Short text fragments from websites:
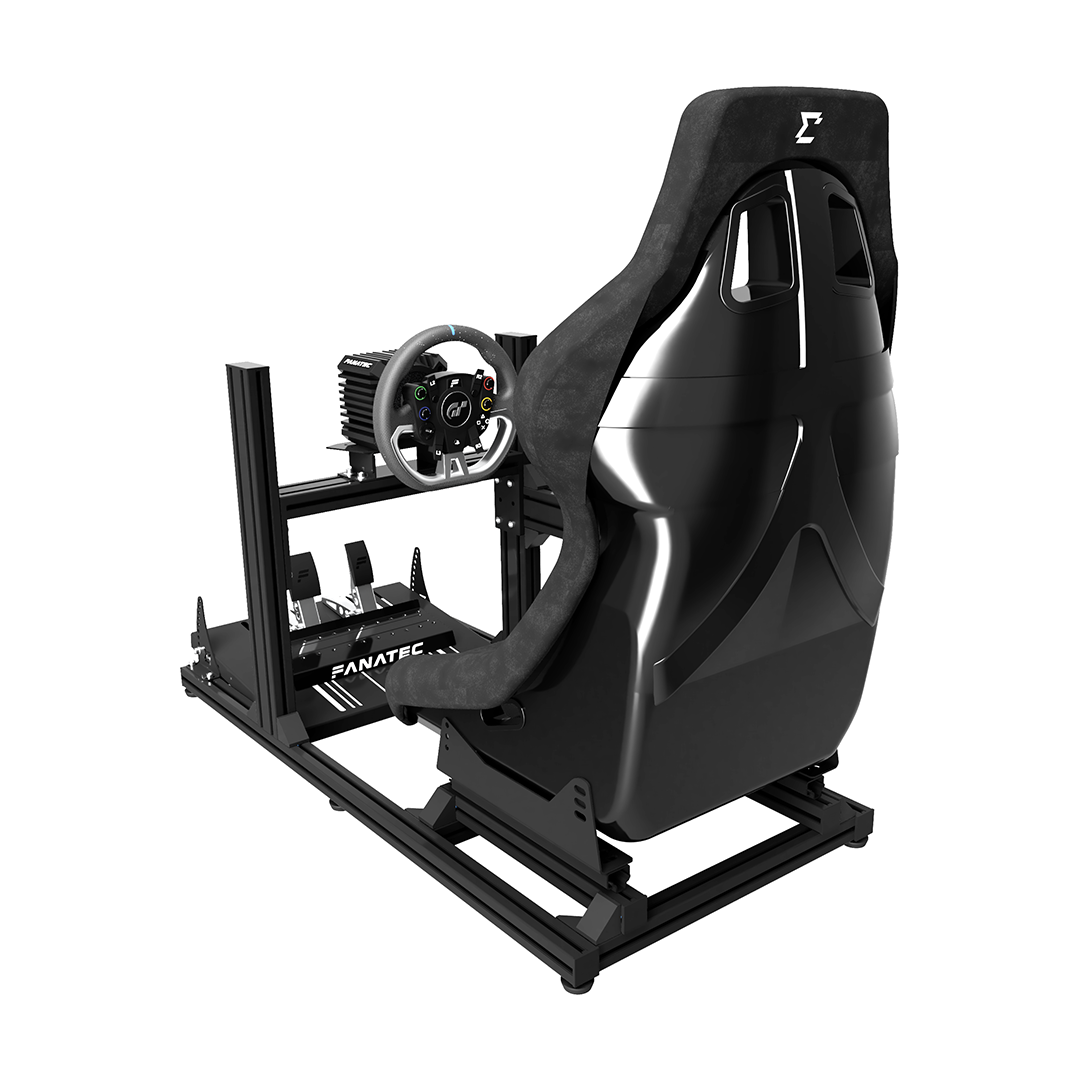 Pack 6S-Slim et MOZA R5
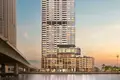 Apartamento 1 habitación 86 m² Dubái, Emiratos Árabes Unidos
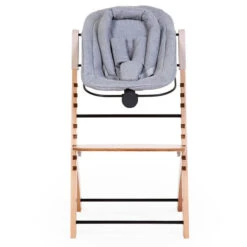 Childhome Chaise Haute Evosit Avec Son Set Nouveau-né 26 Childhome Chaise Haute Evosit Avec Son Set Nouveau-né -Produits Pour Bébé chaise haute evosit set nouveau ne childhome bambinou set face
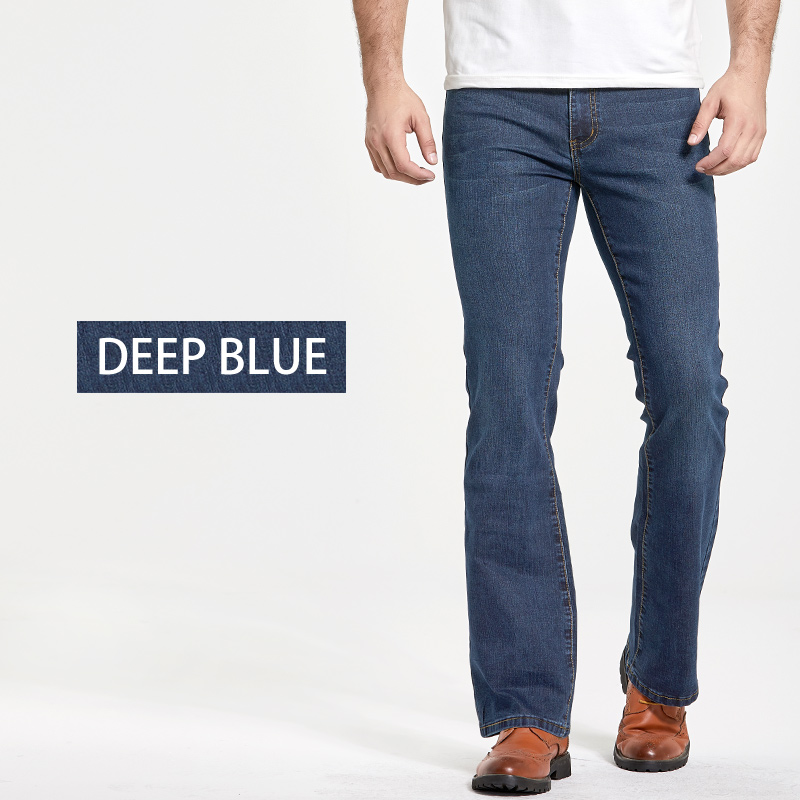 Mens Boot Cut Jeans Slightly F - Levis Jeans 501 评论和价格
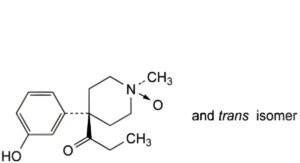 Ketobemidone Hydrochloride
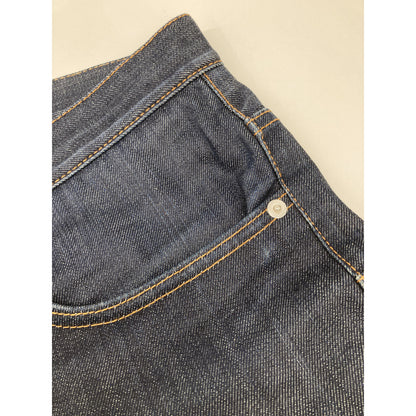 Dior HOMME ディオールオム 163D034A0219 ｲﾝﾃﾞｨｺﾞ ﾃﾞﾆﾑﾊﾟﾝﾂ ボトムス 31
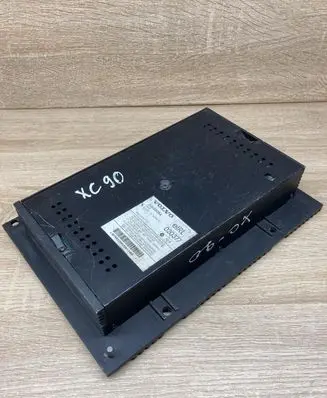 Volvo XC90 Sound amplifier 30646094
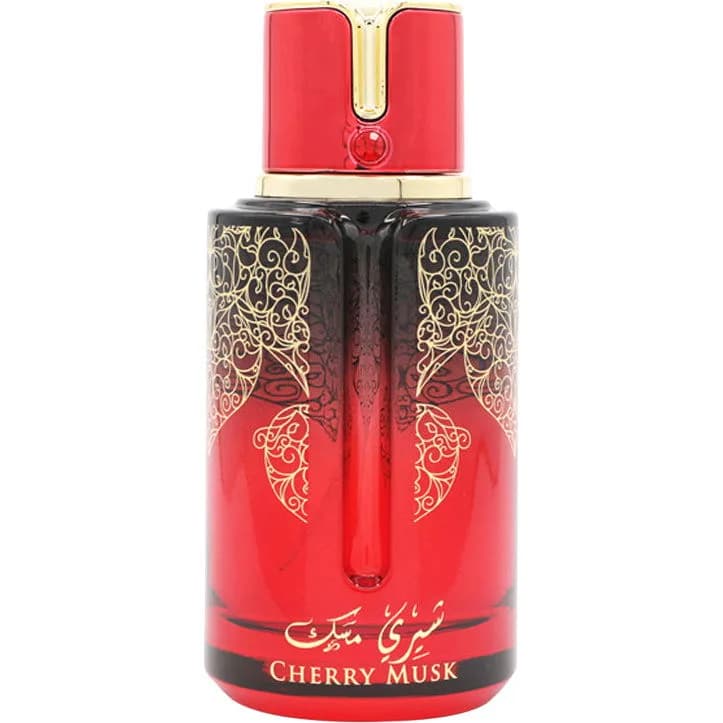 Cherry Musk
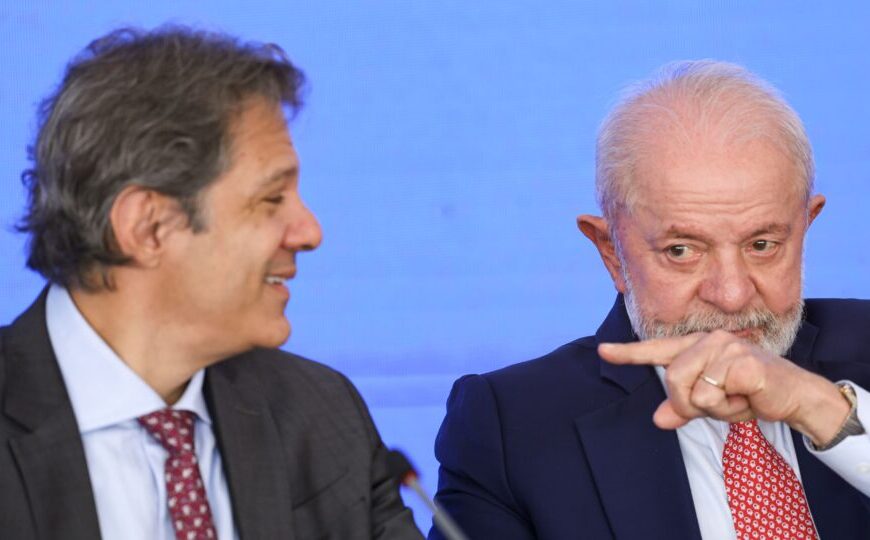 Lula reverte redução de imposto de Bolsonaro que mirava entrada no “clube dos ricos”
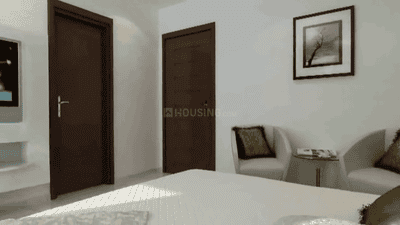 Project Image of 2086.0 - 2601.0 Sq.ft 4 BHK Villa for buy in Alark Signature Park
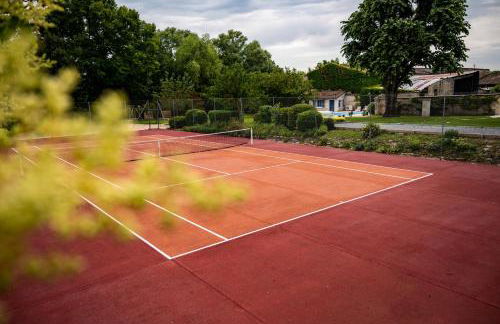 Domaine De L'Angélique - Foto 9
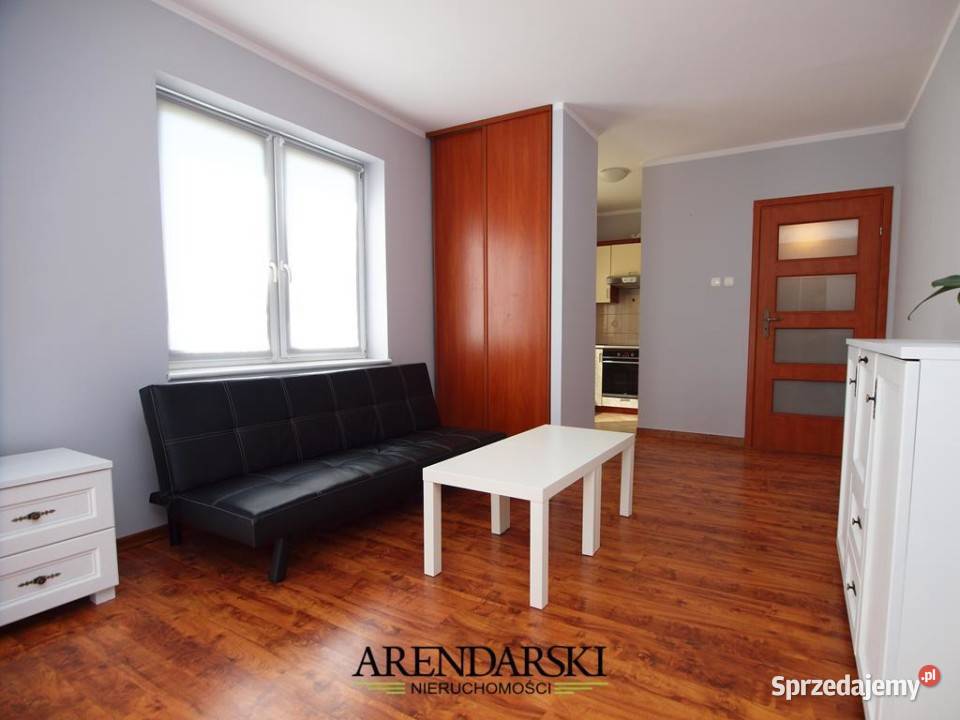 Kawalerka do wynajęciaosPiaski lubuskie sprzedam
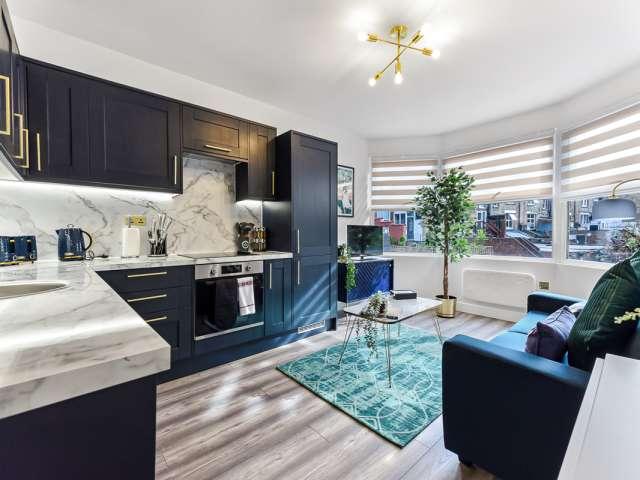 Apartment for rent in Crouch End, Isle Of Man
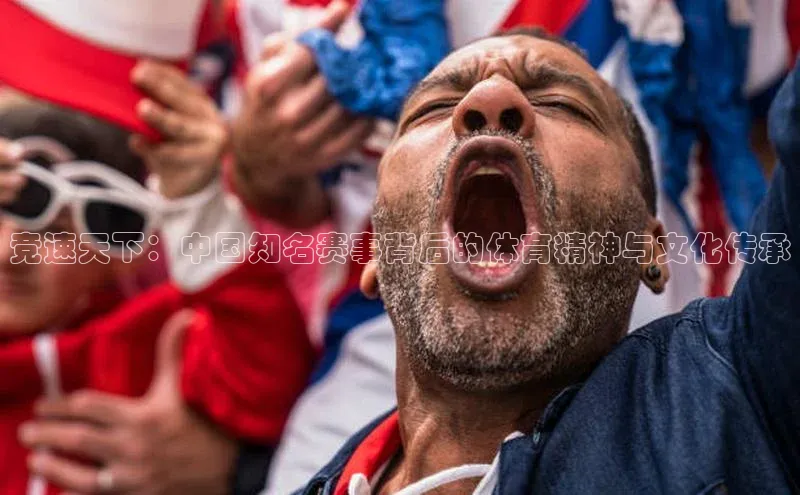 星欧平台点登录入口百家号竞速天下：中国知名赛事背后的体育精神与文化传承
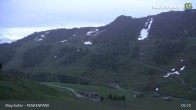 Archiv Foto Webcam Mayrhofen: Horberg 04:00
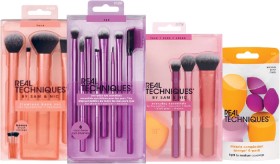 30-off-RRP-on-Real-Techniques-Brush-Set-Range on sale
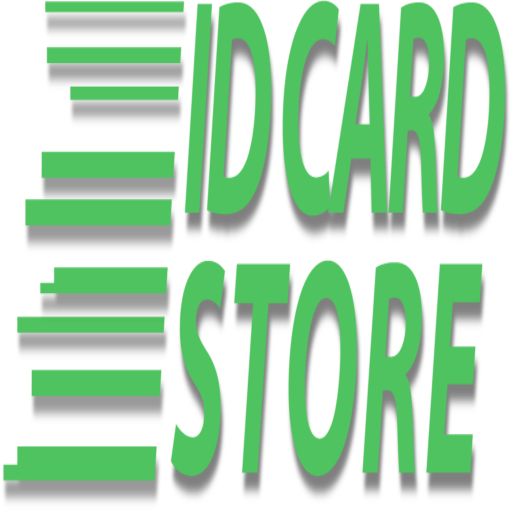 Logo of ID Card Store Office Equipment Retail In Liverpool, Merseyside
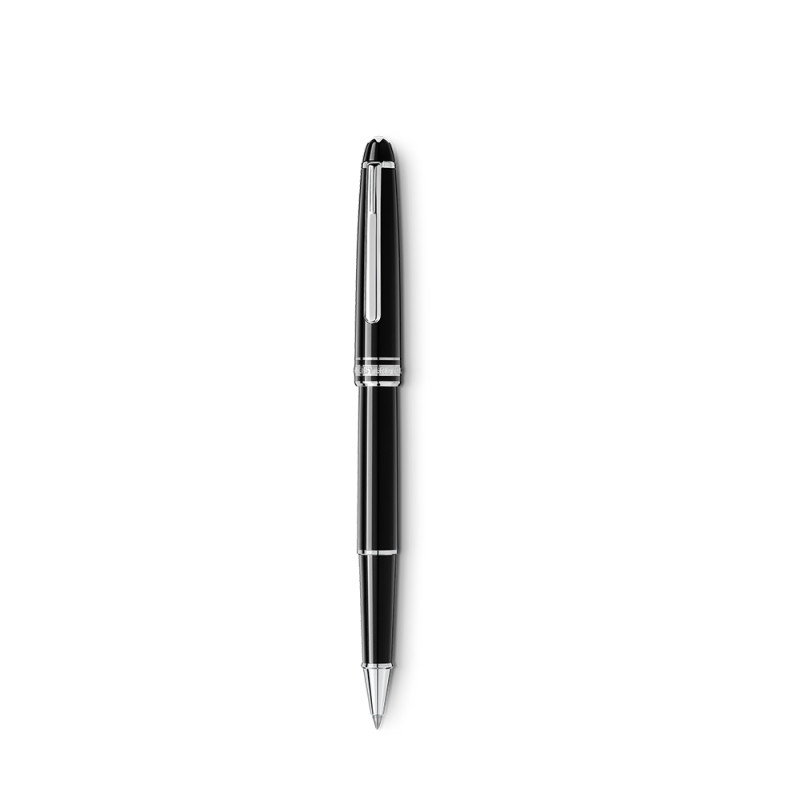 Rollerball Montblanc Meisterstück classique platiné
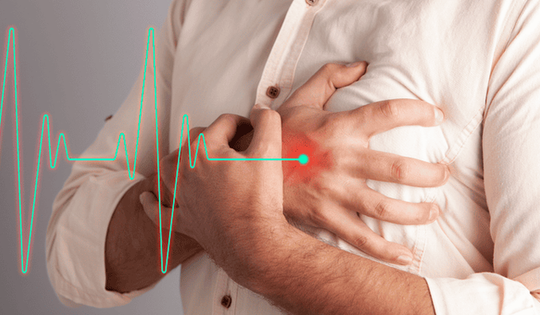 5 dấu hiệu cơ thể thiếu kali và cách bổ sung tốt nhất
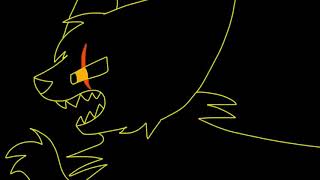 Dangerous line art map part 4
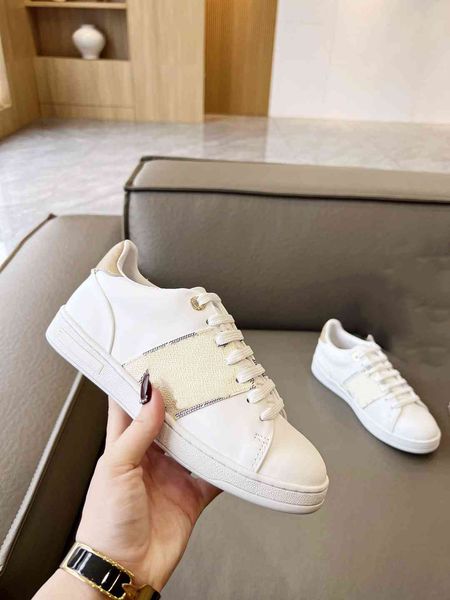 

designer double skate shoes luis fashion sneake luxury sports running shoes women vuttonity trainers low sneakers v04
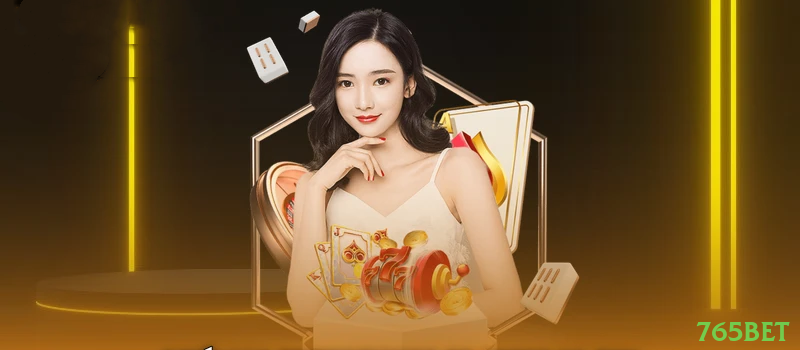 765bet Cassino Clássico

• **WHAT YOU SHOULD DO**:
Omit the pictures and write out the lines above from the one with "Logo of ID Card" through the last, unchanged.

• **RESPONSE AREA**:
 Logo of ID Card Store Office Equipment Retail In Liverpool, Merseyside
 Rollerball Montblanc Meisterstück classique platiné
 5 dấu hiệu cơ thể thiếu kali và cách bổ sung tốt nhất
 Dangerous line art map part 4

designer double skate shoes luis fashion sneake luxury sports running shoes women vuttonity trainers low sneakers v04
 765bet Cassino Clássico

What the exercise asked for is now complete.